January 20, 2022Updated: January 21, 2022

A statue of President Theodore Roosevelt was removed from outside of a major New York museum on Jan. 19 after officials decided that the way it was structured is racist.

The statue, created by James Earle Fraser, was placed just outside the American Museum of Natural History, located in the Upper West Side neighborhood of Manhattan, in 1940. It depicts Roosevelt astride a horse with a Native American man and an African American man on each side of him.

Officials said the composition of the statue was racist and voted in 2021 to remove it.

“The Statue has long been controversial because of the hierarchical composition that places one figure on horseback and the others walking alongside, and many of us find its depictions of the Native American and African figures and their placement in the monument racist,” staffers at the museum said in a memorandum requesting the statue’s removal, which prompted a unanimous vote by the city’s Public Design Commission.

Theodore Roosevelt IV, the great-grandson of the former president and a museum trustee, supported the removal, saying that the statue doesn’t reflect his relative’s legacy.

Crews dismantled the statue on Jan. 20, packaging it for transportation to North Dakota.

The New York museum has agreed to a long-term loan of the statue to the Theodore Roosevelt Presidential Library, which is set to open in Medora, North Dakota, in 2026. Officials at that museum said they find the statue to be problematic, but will work on creating a display that would accompany it.

“Museums are supposed to do hard things,” Edward F. O’Keefe, chief executive of the library’s foundation, said in a previous statement. “It is said that ‘those who do not learn from history are doomed to repeat it,’ and our job is to forthrightly examine history to understand the present and make a better future.”

Statues of historical figures were targeted by protesters and rioters in 2020 after the killing of George Floyd in Minnesota, with a number of such statues being toppled.

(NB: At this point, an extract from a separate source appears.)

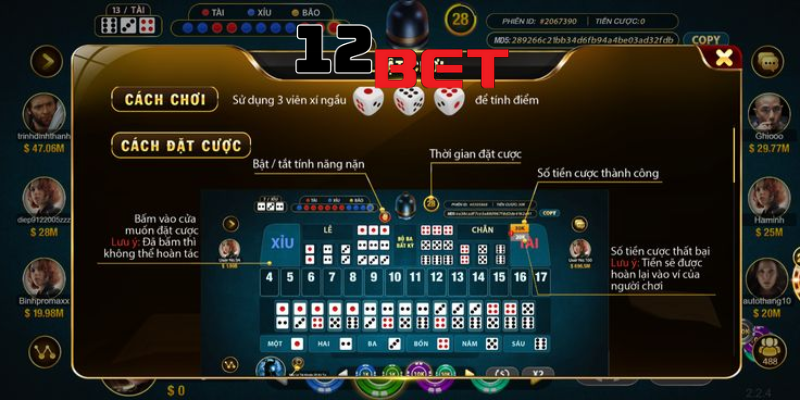 Tham gia cá cược Tài Xỉu ở Việt Nam có bị bắt hay không?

Staffers at the New York museum said they were “profoundly moved” by the movement for “racial justice” that emerged following Floyd’s death.

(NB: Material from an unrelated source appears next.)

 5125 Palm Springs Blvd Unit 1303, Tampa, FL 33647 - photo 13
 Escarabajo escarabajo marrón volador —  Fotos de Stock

Since then, a number of statues have been removed, including ones depicting President Abraham Lincoln and Confederate Gen. Robert E. Lee.

A statue of Roosevelt, the nation’s president from 1901 to 1909 and the governor of New York from 1899 to 1900, is still up at the center of the Theodore Roosevelt Memorial Hall, which includes exhibits examining the man’s life.

Correction: A previous version of this article inaccurately described the location of Medora. It’s in North Dakota. The Epoch Times regrets the error.